**Task objective**
Copy the listing that follows exactly. Its pictures do not belong in the copy.

**Recorded information**
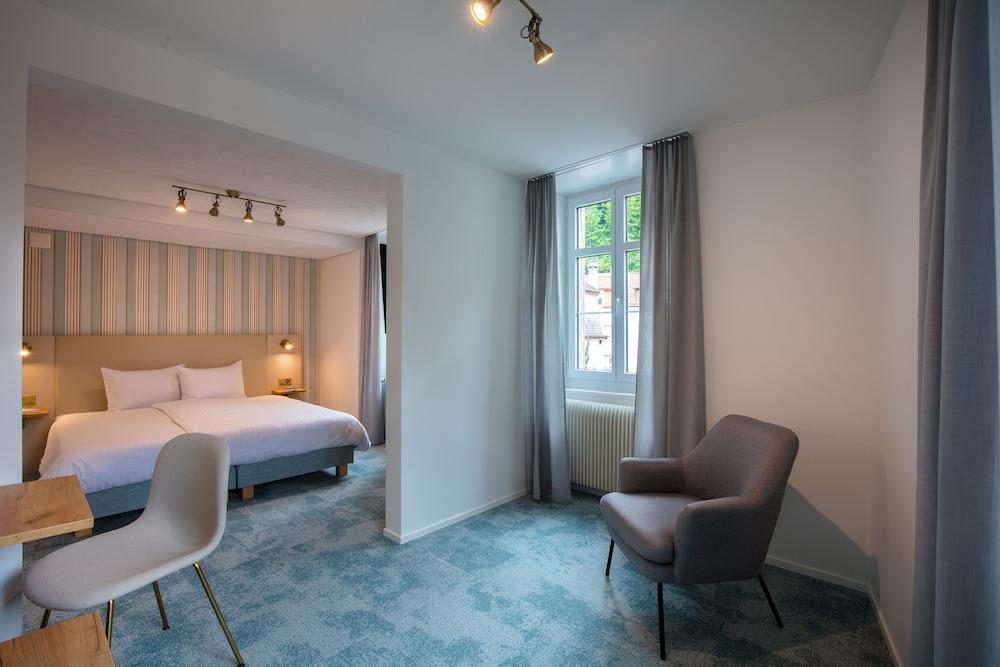 Hotel Krone by bsmart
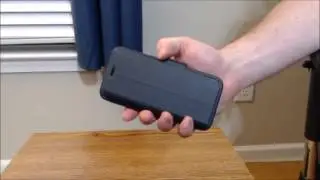 Otterbox Strada S8 phone case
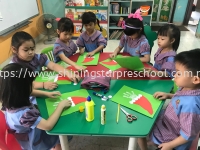 Shining Star Preschool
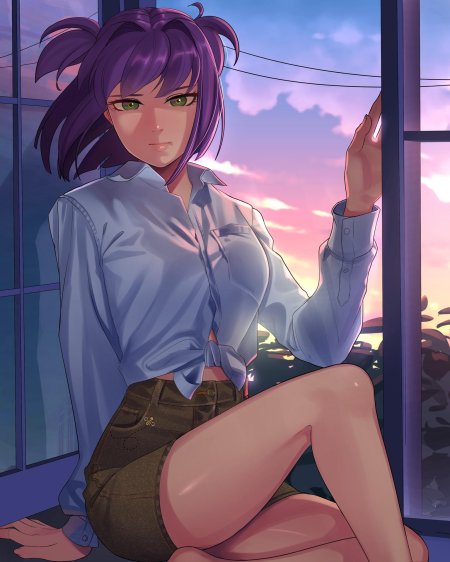 Лена бесконечное лето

**Reply**
 Hotel Krone by bsmart
 Otterbox Strada S8 phone case
 Shining Star Preschool
 Лена бесконечное лето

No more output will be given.